_EXCERPTED DATA_:
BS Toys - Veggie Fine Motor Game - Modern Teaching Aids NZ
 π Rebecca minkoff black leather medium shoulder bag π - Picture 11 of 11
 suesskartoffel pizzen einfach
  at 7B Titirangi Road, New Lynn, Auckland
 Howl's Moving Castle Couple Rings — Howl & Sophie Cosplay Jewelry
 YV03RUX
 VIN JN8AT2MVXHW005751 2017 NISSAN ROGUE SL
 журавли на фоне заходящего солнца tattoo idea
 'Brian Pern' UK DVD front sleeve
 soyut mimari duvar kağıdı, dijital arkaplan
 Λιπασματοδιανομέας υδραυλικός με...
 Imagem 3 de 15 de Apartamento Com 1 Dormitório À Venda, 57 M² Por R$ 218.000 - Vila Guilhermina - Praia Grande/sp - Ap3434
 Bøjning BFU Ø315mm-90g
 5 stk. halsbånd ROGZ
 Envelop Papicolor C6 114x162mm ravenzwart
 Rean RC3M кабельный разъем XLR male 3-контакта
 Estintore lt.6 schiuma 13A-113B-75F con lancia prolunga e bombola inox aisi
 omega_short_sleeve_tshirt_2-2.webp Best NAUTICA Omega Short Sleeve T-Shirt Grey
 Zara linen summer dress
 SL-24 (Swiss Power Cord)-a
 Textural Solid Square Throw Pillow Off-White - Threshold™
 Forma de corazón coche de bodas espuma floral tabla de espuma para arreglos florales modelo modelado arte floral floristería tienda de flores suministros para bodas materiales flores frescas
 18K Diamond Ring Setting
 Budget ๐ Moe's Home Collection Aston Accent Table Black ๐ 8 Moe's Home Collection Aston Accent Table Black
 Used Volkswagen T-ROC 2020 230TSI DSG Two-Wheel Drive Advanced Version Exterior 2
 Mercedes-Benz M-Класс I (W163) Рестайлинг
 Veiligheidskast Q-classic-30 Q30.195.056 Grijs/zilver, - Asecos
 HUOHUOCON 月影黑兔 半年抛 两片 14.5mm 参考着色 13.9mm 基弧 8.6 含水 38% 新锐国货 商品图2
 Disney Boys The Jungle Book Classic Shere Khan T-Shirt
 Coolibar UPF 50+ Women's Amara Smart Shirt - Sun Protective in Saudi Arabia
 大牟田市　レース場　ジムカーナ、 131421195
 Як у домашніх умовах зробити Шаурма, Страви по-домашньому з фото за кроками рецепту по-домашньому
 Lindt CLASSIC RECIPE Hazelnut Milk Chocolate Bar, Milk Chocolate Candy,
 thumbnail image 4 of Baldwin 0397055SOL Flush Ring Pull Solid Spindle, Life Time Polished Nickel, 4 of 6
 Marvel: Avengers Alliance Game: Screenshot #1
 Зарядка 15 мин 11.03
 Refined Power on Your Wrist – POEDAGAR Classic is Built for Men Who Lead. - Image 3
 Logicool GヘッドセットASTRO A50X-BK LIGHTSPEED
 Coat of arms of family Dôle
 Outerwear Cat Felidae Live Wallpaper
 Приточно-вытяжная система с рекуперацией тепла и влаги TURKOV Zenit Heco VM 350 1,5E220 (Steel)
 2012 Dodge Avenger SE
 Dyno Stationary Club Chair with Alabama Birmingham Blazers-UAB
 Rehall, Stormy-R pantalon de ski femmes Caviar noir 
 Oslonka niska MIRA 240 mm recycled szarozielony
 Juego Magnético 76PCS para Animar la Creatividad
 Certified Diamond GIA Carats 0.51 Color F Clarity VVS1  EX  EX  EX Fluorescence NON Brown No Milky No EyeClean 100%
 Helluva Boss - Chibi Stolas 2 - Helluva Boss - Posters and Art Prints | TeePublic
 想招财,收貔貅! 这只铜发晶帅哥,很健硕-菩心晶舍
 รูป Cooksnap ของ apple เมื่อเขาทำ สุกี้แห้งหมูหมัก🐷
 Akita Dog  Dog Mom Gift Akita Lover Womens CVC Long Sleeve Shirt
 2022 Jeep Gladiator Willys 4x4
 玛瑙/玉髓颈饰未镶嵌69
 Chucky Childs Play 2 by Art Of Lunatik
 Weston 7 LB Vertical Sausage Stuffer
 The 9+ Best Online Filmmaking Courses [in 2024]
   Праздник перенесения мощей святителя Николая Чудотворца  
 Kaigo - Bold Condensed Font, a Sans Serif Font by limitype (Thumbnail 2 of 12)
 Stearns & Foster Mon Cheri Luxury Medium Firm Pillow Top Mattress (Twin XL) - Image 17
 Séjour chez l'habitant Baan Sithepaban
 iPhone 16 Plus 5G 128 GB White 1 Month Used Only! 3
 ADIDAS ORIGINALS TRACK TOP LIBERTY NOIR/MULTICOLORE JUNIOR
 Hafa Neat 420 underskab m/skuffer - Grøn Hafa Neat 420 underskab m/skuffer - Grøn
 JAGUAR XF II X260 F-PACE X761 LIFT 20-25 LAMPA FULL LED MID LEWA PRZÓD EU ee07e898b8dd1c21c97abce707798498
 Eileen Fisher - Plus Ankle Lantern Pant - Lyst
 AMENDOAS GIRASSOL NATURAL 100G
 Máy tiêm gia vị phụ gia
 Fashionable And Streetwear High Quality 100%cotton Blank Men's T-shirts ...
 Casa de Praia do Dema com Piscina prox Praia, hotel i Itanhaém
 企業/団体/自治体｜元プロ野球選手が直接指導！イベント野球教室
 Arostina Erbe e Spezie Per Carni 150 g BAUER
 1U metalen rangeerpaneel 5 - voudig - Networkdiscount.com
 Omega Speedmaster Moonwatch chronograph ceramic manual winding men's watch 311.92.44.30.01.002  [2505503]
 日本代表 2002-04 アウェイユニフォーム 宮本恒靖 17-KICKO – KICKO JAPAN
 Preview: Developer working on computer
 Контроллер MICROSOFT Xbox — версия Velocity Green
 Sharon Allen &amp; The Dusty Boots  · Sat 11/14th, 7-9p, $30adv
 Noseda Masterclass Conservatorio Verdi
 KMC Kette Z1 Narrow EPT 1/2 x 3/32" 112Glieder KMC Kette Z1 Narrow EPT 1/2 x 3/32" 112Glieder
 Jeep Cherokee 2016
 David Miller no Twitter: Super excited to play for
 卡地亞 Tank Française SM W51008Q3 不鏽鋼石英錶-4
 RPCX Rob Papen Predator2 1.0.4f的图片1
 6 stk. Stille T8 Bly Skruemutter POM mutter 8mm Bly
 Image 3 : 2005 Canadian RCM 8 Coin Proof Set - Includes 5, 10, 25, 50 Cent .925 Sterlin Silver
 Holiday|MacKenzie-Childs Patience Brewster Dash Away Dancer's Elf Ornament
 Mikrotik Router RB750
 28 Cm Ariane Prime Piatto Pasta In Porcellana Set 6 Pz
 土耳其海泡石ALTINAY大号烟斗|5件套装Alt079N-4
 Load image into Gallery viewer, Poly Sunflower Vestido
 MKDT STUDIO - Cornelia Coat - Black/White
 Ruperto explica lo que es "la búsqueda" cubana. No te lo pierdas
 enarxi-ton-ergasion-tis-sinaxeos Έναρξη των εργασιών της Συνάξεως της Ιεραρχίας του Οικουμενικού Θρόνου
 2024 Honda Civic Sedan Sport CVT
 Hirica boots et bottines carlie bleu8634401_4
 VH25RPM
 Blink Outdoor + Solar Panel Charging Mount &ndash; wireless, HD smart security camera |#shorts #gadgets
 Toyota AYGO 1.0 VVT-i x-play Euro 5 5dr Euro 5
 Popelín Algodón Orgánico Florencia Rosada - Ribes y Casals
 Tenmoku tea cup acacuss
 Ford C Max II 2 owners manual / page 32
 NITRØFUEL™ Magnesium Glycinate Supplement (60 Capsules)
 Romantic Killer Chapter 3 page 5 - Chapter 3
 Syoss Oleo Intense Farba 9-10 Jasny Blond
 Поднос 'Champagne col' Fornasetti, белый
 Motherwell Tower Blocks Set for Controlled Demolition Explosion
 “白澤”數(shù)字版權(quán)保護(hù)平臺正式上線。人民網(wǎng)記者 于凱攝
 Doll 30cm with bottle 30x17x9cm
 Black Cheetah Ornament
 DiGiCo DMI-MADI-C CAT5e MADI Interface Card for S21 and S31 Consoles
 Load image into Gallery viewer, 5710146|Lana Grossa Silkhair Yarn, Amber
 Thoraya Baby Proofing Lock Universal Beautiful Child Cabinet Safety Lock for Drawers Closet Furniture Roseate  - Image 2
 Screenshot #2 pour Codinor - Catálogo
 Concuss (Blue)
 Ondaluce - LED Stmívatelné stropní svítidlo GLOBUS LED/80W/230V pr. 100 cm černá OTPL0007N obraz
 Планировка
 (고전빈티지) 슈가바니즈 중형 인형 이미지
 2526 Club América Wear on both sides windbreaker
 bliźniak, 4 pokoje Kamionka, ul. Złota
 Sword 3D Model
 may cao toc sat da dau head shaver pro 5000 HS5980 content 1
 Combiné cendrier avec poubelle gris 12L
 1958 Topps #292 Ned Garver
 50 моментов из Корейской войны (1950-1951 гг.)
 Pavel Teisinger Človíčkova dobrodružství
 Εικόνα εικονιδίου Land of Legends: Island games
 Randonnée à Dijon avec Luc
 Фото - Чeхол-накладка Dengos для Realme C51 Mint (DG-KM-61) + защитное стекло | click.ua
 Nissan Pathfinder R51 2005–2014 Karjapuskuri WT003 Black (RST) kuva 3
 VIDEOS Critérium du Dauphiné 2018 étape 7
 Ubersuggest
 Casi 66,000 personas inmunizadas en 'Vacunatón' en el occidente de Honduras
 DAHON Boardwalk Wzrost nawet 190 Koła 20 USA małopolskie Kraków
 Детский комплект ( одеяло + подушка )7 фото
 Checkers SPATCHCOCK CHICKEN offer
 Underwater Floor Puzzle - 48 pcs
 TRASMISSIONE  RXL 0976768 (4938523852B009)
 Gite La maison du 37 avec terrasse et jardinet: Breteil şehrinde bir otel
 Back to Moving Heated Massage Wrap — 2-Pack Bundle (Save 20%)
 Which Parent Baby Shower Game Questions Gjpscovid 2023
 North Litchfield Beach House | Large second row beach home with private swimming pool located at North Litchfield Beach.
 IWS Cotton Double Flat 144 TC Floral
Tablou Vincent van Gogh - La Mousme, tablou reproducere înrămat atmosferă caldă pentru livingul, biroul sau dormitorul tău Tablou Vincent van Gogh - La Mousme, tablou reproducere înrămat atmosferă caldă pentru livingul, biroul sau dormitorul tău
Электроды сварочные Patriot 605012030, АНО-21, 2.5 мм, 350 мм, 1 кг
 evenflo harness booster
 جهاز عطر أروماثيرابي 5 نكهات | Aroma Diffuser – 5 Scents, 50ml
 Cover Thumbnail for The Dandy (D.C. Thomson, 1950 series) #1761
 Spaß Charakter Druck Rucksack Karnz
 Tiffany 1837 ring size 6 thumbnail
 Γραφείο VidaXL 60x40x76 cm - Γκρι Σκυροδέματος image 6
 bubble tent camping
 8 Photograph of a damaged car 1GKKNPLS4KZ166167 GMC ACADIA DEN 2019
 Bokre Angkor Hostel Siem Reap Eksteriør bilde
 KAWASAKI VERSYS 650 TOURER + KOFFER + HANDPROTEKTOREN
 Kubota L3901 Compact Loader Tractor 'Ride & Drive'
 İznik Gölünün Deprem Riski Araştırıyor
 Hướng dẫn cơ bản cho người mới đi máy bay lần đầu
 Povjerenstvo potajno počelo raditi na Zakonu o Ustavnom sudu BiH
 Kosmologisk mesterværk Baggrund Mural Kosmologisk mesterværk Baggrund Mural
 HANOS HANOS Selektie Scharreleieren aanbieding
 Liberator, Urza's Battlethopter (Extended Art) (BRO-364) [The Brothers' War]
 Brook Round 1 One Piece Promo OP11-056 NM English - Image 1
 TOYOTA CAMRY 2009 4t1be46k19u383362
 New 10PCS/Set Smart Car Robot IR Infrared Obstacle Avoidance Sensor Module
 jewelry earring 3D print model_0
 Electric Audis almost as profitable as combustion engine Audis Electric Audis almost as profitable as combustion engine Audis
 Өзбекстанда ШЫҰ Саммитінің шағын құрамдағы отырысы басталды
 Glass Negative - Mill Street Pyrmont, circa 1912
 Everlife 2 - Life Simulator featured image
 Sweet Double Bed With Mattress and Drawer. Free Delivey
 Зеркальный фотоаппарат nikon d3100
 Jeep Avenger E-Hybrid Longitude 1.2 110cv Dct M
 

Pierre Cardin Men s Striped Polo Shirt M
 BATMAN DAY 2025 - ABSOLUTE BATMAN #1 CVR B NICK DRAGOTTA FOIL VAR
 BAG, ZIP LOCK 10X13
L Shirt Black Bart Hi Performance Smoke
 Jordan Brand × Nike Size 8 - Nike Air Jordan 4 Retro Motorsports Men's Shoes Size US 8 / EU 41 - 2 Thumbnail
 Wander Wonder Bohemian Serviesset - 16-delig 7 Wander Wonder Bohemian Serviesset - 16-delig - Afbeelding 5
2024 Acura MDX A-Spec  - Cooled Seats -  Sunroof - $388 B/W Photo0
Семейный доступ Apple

_EXERCISE REQUIREMENTS_: Taking the material above, extract exactly and only the lines from the line with "Γραφείο VidaXL 60x40x76" to the line with "Povjerenstvo potajno počelo", inclusive of both.

_ANSWER SECTION_:
 Γραφείο VidaXL 60x40x76 cm - Γκρι Σκυροδέματος image 6
 bubble tent camping
 8 Photograph of a damaged car 1GKKNPLS4KZ166167 GMC ACADIA DEN 2019
 Bokre Angkor Hostel Siem Reap Eksteriør bilde
 KAWASAKI VERSYS 650 TOURER + KOFFER + HANDPROTEKTOREN
 Kubota L3901 Compact Loader Tractor 'Ride & Drive'
 İznik Gölünün Deprem Riski Araştırıyor
 Hướng dẫn cơ bản cho người mới đi máy bay lần đầu
 Povjerenstvo potajno počelo raditi na Zakonu o Ustavnom sudu BiH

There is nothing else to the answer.